Exercise details: Find the line with "Stylish barber chairs" and the line with "Framed by two" in the entries below; output exactly those two lines, every line between them, and no others.
=====
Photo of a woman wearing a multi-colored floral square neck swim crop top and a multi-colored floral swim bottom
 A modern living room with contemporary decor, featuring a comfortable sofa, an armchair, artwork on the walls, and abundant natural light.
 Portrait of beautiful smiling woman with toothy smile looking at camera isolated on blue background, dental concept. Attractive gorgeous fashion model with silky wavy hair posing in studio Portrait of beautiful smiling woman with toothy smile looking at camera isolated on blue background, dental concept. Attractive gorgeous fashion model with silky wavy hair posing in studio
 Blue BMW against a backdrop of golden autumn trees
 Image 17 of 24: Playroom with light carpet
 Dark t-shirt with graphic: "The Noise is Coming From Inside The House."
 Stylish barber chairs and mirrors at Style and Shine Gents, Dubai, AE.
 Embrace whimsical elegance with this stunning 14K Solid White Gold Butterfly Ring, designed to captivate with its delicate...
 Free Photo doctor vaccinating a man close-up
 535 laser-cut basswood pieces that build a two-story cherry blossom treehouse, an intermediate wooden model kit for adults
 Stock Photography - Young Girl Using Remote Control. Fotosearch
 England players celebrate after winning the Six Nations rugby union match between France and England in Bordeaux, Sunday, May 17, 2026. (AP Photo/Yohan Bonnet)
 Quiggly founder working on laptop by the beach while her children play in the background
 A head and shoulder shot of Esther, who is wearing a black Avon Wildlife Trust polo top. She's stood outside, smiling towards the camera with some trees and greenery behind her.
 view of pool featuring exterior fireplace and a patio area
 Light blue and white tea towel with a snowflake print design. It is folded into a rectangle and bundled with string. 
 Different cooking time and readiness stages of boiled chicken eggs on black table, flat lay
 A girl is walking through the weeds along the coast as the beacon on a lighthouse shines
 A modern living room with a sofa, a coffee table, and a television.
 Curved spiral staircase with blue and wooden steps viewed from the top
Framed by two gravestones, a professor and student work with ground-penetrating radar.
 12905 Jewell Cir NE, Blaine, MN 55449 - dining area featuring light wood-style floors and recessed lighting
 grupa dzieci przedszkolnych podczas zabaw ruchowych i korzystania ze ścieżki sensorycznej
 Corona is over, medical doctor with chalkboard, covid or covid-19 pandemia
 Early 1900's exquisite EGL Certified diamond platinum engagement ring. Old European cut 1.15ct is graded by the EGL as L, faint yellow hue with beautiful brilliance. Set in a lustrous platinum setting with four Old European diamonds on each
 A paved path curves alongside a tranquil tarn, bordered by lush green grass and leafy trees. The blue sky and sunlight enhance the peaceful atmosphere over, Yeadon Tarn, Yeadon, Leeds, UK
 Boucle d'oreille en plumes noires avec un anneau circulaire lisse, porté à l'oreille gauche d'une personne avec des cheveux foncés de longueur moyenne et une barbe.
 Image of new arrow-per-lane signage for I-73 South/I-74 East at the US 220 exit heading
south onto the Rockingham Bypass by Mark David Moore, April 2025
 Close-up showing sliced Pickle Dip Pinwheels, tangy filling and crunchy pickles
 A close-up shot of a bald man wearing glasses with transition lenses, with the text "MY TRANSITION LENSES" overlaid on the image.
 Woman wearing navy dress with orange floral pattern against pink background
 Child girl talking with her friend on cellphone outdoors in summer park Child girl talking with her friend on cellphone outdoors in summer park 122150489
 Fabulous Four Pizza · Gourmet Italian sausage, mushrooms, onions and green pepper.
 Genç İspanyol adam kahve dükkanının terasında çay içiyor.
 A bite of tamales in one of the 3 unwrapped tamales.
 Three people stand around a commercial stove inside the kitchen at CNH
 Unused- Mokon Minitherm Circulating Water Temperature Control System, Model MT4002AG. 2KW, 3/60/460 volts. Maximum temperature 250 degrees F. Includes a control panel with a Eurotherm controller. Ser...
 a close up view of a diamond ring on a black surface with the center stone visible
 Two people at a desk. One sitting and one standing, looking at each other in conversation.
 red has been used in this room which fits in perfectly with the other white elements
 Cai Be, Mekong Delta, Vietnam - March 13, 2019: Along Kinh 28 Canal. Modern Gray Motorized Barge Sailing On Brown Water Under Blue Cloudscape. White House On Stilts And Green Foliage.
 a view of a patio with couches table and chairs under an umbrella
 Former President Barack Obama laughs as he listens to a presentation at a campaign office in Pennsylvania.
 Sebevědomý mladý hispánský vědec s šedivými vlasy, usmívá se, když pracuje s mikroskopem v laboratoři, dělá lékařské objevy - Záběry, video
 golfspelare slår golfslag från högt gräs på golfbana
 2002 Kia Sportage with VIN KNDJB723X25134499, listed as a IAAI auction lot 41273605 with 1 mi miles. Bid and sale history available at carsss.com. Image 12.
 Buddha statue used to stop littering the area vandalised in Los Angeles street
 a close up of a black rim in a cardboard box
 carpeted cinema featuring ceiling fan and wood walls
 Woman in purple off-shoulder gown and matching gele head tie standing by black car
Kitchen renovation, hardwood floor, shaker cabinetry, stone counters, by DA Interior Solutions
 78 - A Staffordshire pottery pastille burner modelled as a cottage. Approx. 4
=====
Answer below:
 Stylish barber chairs and mirrors at Style and Shine Gents, Dubai, AE.
 Embrace whimsical elegance with this stunning 14K Solid White Gold Butterfly Ring, designed to captivate with its delicate...
 Free Photo doctor vaccinating a man close-up
 535 laser-cut basswood pieces that build a two-story cherry blossom treehouse, an intermediate wooden model kit for adults
 Stock Photography - Young Girl Using Remote Control. Fotosearch
 England players celebrate after winning the Six Nations rugby union match between France and England in Bordeaux, Sunday, May 17, 2026. (AP Photo/Yohan Bonnet)
 Quiggly founder working on laptop by the beach while her children play in the background
 A head and shoulder shot of Esther, who is wearing a black Avon Wildlife Trust polo top. She's stood outside, smiling towards the camera with some trees and greenery behind her.
 view of pool featuring exterior fireplace and a patio area
 Light blue and white tea towel with a snowflake print design. It is folded into a rectangle and bundled with string. 
 Different cooking time and readiness stages of boiled chicken eggs on black table, flat lay
 A girl is walking through the weeds along the coast as the beacon on a lighthouse shines
 A modern living room with a sofa, a coffee table, and a television.
 Curved spiral staircase with blue and wooden steps viewed from the top
Framed by two gravestones, a professor and student work with ground-penetrating radar.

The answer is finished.